> HOW TO COMPLETE THIS TASK: Once the line containing "Close-up watercolor of" is found in the records below, return it and each following line exactly, up to and including the line containing "Zara, M, soft", and nothing else.
** Opening STORED DATA block **
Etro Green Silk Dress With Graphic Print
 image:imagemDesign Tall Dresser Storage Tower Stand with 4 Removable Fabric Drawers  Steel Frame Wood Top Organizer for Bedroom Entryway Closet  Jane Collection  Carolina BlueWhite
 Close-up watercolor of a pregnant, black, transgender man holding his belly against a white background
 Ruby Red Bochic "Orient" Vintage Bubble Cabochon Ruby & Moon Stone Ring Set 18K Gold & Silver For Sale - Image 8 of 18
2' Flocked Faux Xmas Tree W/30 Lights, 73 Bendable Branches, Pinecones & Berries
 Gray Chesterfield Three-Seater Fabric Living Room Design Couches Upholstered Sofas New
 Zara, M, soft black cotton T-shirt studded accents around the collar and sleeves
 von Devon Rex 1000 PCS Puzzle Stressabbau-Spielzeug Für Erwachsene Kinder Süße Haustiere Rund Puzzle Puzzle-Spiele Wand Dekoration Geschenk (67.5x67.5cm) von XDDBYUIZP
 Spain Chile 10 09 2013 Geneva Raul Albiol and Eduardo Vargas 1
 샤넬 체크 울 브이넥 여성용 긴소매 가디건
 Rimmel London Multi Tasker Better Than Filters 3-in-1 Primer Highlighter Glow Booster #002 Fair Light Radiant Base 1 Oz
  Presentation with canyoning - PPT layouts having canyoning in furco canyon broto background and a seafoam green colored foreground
** Closing STORED DATA block **
> EXERCISE RESPONSE:
 Close-up watercolor of a pregnant, black, transgender man holding his belly against a white background
 Ruby Red Bochic "Orient" Vintage Bubble Cabochon Ruby & Moon Stone Ring Set 18K Gold & Silver For Sale - Image 8 of 18
2' Flocked Faux Xmas Tree W/30 Lights, 73 Bendable Branches, Pinecones & Berries
 Gray Chesterfield Three-Seater Fabric Living Room Design Couches Upholstered Sofas New
 Zara, M, soft black cotton T-shirt studded accents around the collar and sleeves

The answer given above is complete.